Google has a monopoly, an entrenched customer base, and stable revenue from a proven business model. Anyone trying to compete would have to pour massive money into infrastructure and then fight Google for users. In that game, Google already won.
The current AI landscape is different. Multiple players are competing in an emerging field with an uncertain business model. We’re still in the phase of building better products, where companies started from more similar footing and aren’t primarily battling for customers yet. In that context, investing heavily in the core technology can still make financial sense. A better comparison might be the early days of car makers, or the web browser wars before the market settled.
Meanwhile, users pay a premium to pretend they're not using Google
Fascinating delusion
My searches can’t be tied to me by Google for their ad targeting: this is worth paying a premium for, and I am glad Kagi are providing this service.
You seem to have a very limited understanding of the value Kagi provides.
Because text matching was so difficult to search with, whenever you went to a site, it would often have a "web of trust" at the bottom where an actual human being had curated a list of other sites that you might like if you liked this site.
So you would often search with keywords (often literals), then find the first site, then recursively explore the web of trust links to find the best site.
My suspicion has always been that Google (PageRank) benefited greatly from the human curated "web of trust" at the bottom of pages. But once Google came out, search was much better, and so human beings stopped creating "web of trust" type things on their site.

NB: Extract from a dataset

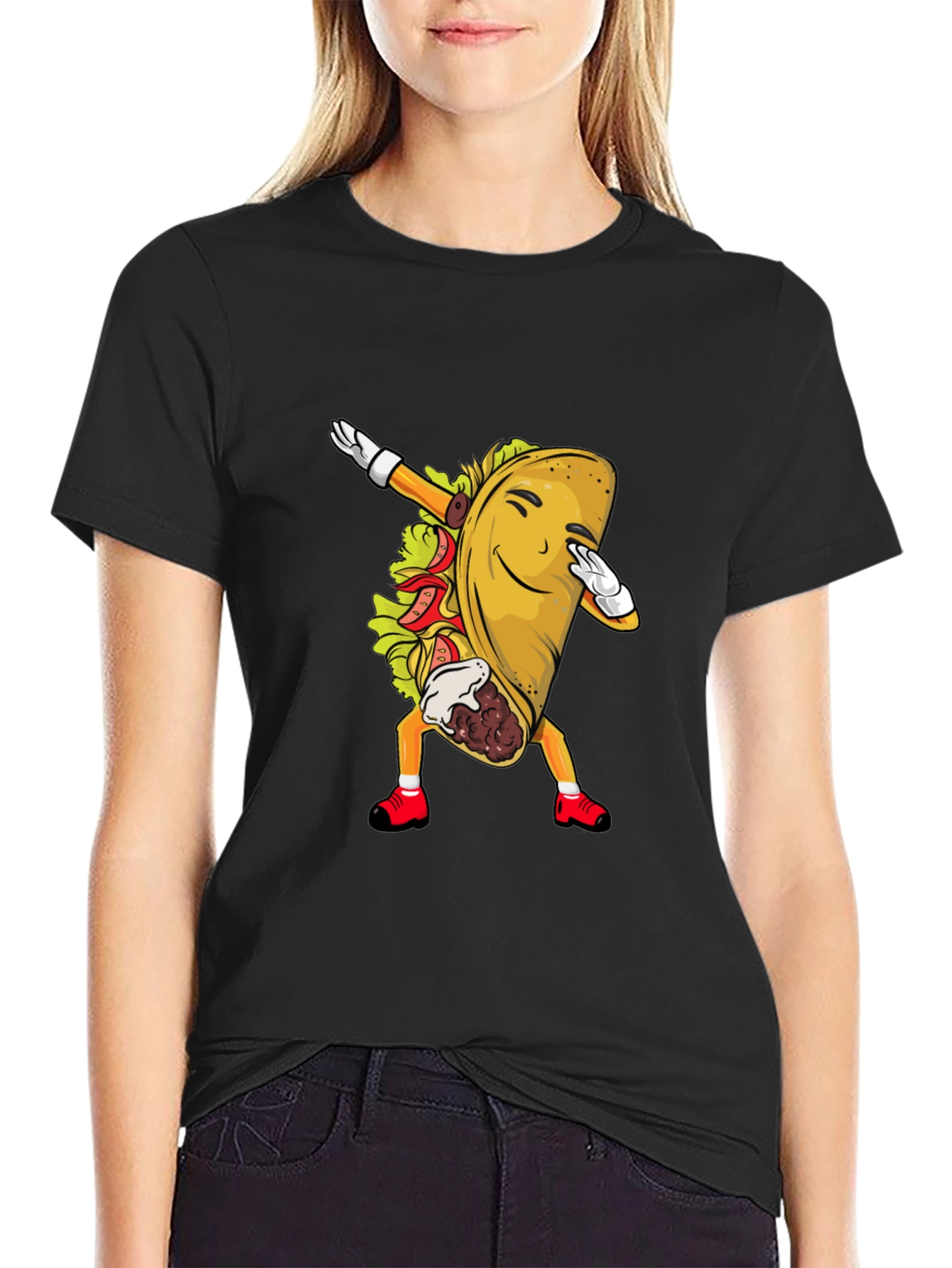 Black Taco Dabbing Graphic Tee - Fun Food Shirt view 2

I am making the point that Google effectively benefited from the large amount of human labor put into connecting sites via WOT, while simultaneously (inadvertently) destroying the benefit of curating a WOT. This means that by succeeding at what they did, they made it much more difficult for a Google#2 to come around and run the exact same game plan with even the exact same algorithm.

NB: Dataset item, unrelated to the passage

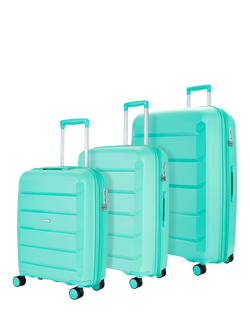 Rock Tulum 8-Wheel Expandable Suitcase Set, 3 Piece, Turquoise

tldr; Google harvested the links that were originally curated by human labor, the incentive to create those links are gone now, so the only remaining "links" between things are now in the Google Index.

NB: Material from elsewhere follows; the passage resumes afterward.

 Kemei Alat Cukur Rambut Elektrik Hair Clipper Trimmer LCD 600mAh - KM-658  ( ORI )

Addendum: I asked claude to help me think of a metaphor, and I really liked this one as it is so similar.
``` The railroad and the wagon trails — Before railroads, collective human use created and maintained wagon trails through difficult terrain. The railroad company could survey these trails to find optimal routes. Once the railroad exists, the wagon trails fall into disuse and the pathfinding knowledge atrophies. A second railroad can't follow trails that are now overgrown. ```
whs•1h ago
>Because direct licensing isn’t available to us on compatible terms, we - like many others - use third-party API providers for SERP-style results (SERP meaning search engine results page). These providers serve major enterprises (according to their websites) including Nvidia, Adobe, Samsung, Stanford, DeepMind, Uber, and the United Nations.
The customer list matches what is listed on SerpAPI's page (interestingly, DeepMind is on Kagi's list while they're a Google company...). I suppose Kagi needs to pen this because if SerpAPI shuts down they may lose access to Google, but they may already have utilize multiple providers. In the past, Kagi employees have said that they have access to Google API, but it seems that it was not the case?
As a customer, the major implication of this is that even if Kagi's privacy policy says they try to not log your queries, it is sent to Google and still subject to Google's consumer privacy policy. Even if it is anonymized, your queries can still end up contributing to Google Trends.